WHAT NEEDS TO BE DONE | Would you give the number of lines in the entries that contain the word "Blanket"? Nothing else is needed.

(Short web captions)
== Segment start ==
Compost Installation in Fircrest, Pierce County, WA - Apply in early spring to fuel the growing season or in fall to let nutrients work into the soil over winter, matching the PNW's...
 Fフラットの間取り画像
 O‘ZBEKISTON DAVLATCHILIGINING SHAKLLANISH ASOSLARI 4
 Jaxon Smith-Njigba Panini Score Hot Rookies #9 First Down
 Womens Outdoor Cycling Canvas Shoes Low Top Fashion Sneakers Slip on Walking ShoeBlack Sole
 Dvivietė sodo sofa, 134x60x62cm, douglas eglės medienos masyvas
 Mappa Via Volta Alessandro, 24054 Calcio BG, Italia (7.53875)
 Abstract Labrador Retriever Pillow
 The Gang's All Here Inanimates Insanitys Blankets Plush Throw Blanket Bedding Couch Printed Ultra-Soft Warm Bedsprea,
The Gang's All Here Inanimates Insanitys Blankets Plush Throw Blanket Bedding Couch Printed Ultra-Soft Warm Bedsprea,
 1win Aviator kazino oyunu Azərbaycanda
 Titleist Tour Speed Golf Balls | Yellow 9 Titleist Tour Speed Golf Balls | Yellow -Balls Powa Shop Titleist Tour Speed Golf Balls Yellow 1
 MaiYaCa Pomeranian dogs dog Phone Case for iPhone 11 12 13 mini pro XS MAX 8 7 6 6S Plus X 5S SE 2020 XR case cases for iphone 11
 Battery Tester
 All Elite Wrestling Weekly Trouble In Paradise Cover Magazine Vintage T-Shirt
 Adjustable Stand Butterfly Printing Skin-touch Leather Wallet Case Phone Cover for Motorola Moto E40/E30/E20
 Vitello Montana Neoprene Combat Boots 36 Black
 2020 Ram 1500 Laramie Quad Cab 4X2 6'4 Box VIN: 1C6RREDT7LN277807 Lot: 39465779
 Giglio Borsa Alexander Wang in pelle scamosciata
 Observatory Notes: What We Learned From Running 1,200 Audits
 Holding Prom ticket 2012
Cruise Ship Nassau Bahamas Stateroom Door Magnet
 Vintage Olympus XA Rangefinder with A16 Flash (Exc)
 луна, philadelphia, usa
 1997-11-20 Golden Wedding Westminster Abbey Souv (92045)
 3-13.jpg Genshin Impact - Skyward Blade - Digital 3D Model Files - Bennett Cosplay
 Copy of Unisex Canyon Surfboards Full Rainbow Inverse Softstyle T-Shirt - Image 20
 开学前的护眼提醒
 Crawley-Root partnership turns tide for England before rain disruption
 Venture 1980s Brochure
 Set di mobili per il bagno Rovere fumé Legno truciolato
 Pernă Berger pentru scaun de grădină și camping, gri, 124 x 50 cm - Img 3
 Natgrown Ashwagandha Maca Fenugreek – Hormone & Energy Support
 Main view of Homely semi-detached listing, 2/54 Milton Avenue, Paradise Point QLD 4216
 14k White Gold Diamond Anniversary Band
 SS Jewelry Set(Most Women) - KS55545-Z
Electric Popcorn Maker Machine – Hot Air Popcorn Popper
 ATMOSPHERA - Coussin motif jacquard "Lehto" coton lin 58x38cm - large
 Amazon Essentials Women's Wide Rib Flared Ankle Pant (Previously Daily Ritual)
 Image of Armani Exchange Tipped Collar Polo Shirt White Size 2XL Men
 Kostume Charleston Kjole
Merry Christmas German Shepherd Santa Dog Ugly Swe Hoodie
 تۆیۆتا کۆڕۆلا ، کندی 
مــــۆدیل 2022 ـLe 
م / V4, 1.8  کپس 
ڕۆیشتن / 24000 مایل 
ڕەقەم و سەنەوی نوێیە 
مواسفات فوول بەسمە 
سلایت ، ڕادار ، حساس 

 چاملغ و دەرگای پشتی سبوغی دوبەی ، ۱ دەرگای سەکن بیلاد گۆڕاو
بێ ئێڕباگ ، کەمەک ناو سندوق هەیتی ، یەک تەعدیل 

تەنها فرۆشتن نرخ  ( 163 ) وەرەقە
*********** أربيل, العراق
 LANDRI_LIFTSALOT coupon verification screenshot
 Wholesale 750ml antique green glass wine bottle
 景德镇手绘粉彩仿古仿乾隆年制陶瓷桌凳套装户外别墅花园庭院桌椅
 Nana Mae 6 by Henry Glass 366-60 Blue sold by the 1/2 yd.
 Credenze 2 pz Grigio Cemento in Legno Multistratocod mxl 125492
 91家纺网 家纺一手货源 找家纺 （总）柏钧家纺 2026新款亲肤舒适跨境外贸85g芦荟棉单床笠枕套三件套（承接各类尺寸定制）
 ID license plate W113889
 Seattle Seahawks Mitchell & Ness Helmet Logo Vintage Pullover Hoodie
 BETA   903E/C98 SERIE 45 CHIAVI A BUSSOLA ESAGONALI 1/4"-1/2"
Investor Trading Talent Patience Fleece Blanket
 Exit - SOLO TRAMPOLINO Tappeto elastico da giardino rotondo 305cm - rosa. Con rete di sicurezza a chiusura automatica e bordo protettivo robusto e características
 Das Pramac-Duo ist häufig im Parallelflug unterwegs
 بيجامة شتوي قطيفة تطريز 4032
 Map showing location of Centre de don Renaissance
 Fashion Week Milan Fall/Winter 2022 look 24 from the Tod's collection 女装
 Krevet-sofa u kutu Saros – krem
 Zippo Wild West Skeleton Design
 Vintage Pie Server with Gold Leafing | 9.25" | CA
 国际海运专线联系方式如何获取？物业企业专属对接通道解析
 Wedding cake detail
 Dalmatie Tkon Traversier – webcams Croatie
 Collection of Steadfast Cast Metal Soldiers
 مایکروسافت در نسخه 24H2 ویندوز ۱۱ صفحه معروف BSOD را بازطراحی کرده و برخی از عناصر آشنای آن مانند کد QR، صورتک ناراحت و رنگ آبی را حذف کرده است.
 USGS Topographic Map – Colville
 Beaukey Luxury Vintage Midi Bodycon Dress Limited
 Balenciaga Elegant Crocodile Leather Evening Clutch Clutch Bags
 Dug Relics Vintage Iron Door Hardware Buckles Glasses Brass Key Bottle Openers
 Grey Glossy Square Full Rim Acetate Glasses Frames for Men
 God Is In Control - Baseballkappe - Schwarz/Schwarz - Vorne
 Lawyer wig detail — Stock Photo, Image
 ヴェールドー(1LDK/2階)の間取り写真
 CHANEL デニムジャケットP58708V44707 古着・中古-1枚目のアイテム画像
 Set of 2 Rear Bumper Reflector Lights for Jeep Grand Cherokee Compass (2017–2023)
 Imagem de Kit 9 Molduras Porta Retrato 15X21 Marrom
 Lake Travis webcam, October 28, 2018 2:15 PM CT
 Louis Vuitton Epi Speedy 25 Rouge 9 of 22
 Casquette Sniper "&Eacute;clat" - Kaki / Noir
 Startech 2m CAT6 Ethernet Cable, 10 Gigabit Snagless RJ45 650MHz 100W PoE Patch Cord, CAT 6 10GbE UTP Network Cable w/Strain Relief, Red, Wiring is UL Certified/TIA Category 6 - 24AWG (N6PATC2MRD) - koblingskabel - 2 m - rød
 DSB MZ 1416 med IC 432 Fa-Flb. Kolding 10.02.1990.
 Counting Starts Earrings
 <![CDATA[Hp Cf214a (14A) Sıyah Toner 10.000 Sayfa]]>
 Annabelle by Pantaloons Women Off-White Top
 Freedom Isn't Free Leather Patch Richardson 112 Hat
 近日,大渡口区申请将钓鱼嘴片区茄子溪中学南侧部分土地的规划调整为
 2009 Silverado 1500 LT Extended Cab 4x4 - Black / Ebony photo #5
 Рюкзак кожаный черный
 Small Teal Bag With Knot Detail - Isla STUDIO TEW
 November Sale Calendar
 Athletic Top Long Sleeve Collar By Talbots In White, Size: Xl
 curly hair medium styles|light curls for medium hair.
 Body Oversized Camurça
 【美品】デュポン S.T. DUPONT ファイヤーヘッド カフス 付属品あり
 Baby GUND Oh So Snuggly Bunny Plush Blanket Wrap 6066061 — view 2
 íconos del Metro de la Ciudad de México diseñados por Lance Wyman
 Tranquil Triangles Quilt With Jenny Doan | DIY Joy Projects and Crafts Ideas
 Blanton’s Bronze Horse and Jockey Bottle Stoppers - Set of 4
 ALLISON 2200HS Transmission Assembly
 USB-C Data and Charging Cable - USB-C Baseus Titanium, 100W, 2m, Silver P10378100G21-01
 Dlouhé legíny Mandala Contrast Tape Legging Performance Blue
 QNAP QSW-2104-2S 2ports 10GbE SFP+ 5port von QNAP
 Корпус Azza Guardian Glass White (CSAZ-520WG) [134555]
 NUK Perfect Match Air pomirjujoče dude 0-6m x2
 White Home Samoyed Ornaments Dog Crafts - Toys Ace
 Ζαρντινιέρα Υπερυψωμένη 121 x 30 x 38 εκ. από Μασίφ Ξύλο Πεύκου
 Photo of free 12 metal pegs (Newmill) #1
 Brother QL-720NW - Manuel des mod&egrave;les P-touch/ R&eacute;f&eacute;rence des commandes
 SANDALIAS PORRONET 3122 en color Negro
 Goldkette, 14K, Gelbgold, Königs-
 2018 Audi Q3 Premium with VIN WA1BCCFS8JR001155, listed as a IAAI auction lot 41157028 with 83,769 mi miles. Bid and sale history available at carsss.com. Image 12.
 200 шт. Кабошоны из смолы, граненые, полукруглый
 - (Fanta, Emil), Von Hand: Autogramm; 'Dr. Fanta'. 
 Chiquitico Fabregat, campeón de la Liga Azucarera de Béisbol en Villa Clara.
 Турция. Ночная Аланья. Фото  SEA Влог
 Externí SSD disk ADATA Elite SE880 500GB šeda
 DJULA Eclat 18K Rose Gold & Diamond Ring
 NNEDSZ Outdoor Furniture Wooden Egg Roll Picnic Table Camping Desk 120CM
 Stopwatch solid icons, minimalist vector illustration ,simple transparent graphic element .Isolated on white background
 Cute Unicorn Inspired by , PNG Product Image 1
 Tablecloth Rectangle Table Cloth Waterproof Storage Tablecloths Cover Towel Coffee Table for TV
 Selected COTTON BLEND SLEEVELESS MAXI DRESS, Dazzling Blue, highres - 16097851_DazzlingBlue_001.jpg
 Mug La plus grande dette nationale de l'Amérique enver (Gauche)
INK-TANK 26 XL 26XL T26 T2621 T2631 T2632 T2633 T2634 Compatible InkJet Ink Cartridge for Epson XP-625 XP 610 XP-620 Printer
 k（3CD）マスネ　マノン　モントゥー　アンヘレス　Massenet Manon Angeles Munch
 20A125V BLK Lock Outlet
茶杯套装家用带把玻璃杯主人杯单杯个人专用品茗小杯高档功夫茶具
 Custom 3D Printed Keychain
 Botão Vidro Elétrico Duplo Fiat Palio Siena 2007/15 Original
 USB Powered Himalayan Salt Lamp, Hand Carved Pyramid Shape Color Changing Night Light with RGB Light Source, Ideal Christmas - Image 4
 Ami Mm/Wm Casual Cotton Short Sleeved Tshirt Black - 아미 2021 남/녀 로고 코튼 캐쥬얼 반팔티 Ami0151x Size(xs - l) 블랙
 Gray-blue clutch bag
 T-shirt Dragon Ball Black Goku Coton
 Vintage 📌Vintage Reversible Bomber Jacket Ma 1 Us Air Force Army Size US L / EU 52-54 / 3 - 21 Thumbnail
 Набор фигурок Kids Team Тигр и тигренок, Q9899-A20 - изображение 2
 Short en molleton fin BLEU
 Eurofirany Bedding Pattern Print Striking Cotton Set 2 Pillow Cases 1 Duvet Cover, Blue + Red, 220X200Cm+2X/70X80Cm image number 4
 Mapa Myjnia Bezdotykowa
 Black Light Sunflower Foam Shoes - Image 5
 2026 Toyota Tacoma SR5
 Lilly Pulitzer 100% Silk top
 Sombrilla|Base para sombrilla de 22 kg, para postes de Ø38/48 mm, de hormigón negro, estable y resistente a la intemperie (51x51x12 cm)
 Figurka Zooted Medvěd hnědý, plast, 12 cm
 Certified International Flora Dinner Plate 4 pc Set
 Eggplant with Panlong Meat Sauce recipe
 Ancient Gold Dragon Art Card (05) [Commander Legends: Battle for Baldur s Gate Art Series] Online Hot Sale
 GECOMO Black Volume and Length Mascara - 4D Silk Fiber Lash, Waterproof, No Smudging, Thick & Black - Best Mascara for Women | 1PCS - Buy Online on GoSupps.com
== Segment end ==
SOLUTION TO THE PROBLEM | 4